Why was Edom such a proud place? It's hinted at in verse three and four. They dwelt 'in the cleft of a rock', literally Edom was a high mountainous place, hard to get into or out of, and it seems they had all their security in that. They had no awareness of God. In fact times were good. Judah's fall had eliminated their local trade rival, and all they were surely secure from the same fate that had befallen Judah, secure as they were in their high rocky kingdom. Edom's pride had deceived them (v3) they were about to learn that security apart from the LORD is no security at all. God will bring them down, He is neither impressed nor put off by their strategic position (v4) Edom on their deceptive pride had not given a single thought to the King of the nations.

Nothing can save Edom from complete ruin.
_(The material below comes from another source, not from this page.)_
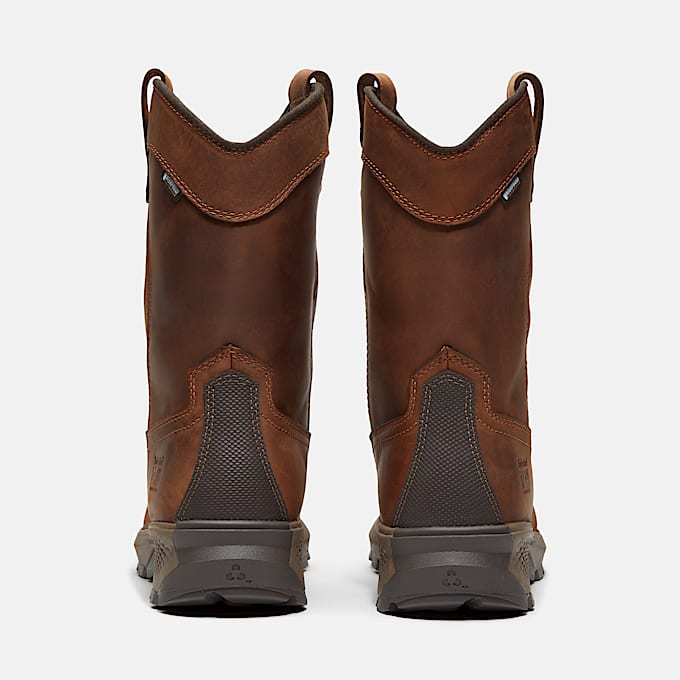 Men's Timberland PRO® TiTAN® EV Pull-On Composite Toe Waterproof Work Boot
Thieves only take what they want, grape gatherers leave gleanings (v5) but Edom will be torn apart. (v6) Any nation anywhere at any time that put its security in defence, or economics or isolation will not escape judgement. Anyone in any place at any time who puts his trust in something other than the LORD will not escape judgement. We need to be more aware of this than anyone...what is the way of Christ? Surely humility.

But what had Edom done? In answering this question we in some ways push further into the mind of God than we can grasp. God used Babylon to judge Judah for their faithlessness, and then judged Edom using Babylon for essentially not helping Judah...then judged Babylon for what it did to Judah. Until we grasp the power and goodness or our God who is outside time, we will struggle with this.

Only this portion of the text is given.